Thursday, May 21, 2009

Bikes and antiques

J. and I were in the Springfield, Ohio vicinity this past weekend. He had a race in Yellow Springs, which is a hippie-ish little town with lots of bike trails and charming older homes. When I saw that the huge Springfield Antiques and Flea Market Extravaganza was taking place that weekend, we invited his parents to come along and make a mini-vacation of it: bike-racing (or, in our case, bike-race-watching) and antiquing.

Some highlights from the trip:
  • J. placed second in the race
  • We discovered Grinnell Mill, a restored mill turned into a bed-and-breakfast with a neat open layout inside, with a door in the middle of each of the 3 floors of the mill
  • A set of 8 solid wood chairs found a new home

The flea market was overwhelming. J.'s mom and I stopped at the edge of the monstrous sprawl of booths and looked at each other, a little dumbfounded. It seemed that every corner you turned, several new paths unfolded before you. There were a few interesting booths in the middle of all the typical antiques and collectibles. One booth had a selection of architectural salvage--elegant porch posts, doorjambs, and archways, which were curiously arresting all by their lonesome, apart from a house. Another booth had what seemed to be the entire contents of an old sewing factory--wooden spools of all shapes and sizes to shelves full of huge spools of thread spanning the colors of the rainbow.

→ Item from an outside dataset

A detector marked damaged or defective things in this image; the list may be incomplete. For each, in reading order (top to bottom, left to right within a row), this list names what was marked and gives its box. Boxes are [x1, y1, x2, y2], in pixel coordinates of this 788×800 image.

We also spent some time on the one of the bike trails in Miami Valley, where they've converted railroad rights of way to bike trails. I wish Kentucky had a similar extensive system of "rails to trails."

Of course, a visit to this part of Ohio was not complete without a stop at the Historic Clifton Mill for one of their plate-sized pancakes.

I came home feeling like we'd had a week-long vacation.